The Trump administration’s decision to delay the International Entrepreneur Rule has a local startup scrambling.
The company, NASTEA & Co., is a beverage company making a “dirty chai” – a chai tea mixed with an espresso shot.
Minnie Yuan, one of the company’s four female co-founders, was going to apply for the new rule that was supposed to start next Monday.
The rule would allow immigrant entrepreneurs to either stay in the country or come to the United States while they are working at a startup they founded.
The Department of Homeland Security is re-evaluating the rule, which President Barack Obama signed as an executive order late in his second term.

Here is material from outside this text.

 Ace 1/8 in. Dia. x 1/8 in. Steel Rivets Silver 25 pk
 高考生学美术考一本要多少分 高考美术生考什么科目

“My heart was shattered,” said Yuan. “The hope that I had for staying here, for continuing this company, for continuing to grow this company with my girls that we built together. It was really hard.”
DHS is taking the extra time because of President Donald Trump’s January executive order on immigration. DHS is taking public comment on possibly rescinding the rule, which Seattle immigration lawyer Tahmina Watson expects.
“America will lose its global leadership on innovation,” said Watson, who’s written a book on the subject and is acting as NASTEA & Co.'s counsel.
Yuan and the company's other co-founders – Kathy Tuan, Karin Soyama, and Amie Hsieh – are contemplating their options as a company. The founders, who met at the University of Washington’s Buerk Center for Entrepreneurship in the Foster School of Business, haven’t ruled out moving the company to Canada. Yuan’s current visa expires next June.
DHS added the estimated 3,000 yearly participants would strain resources, which Watson said would be covered as part of the program.
To qualify for the IER, applicants would have needed to show economic impact and job creation, while raising $250,000 from investors to get a 30-month stay.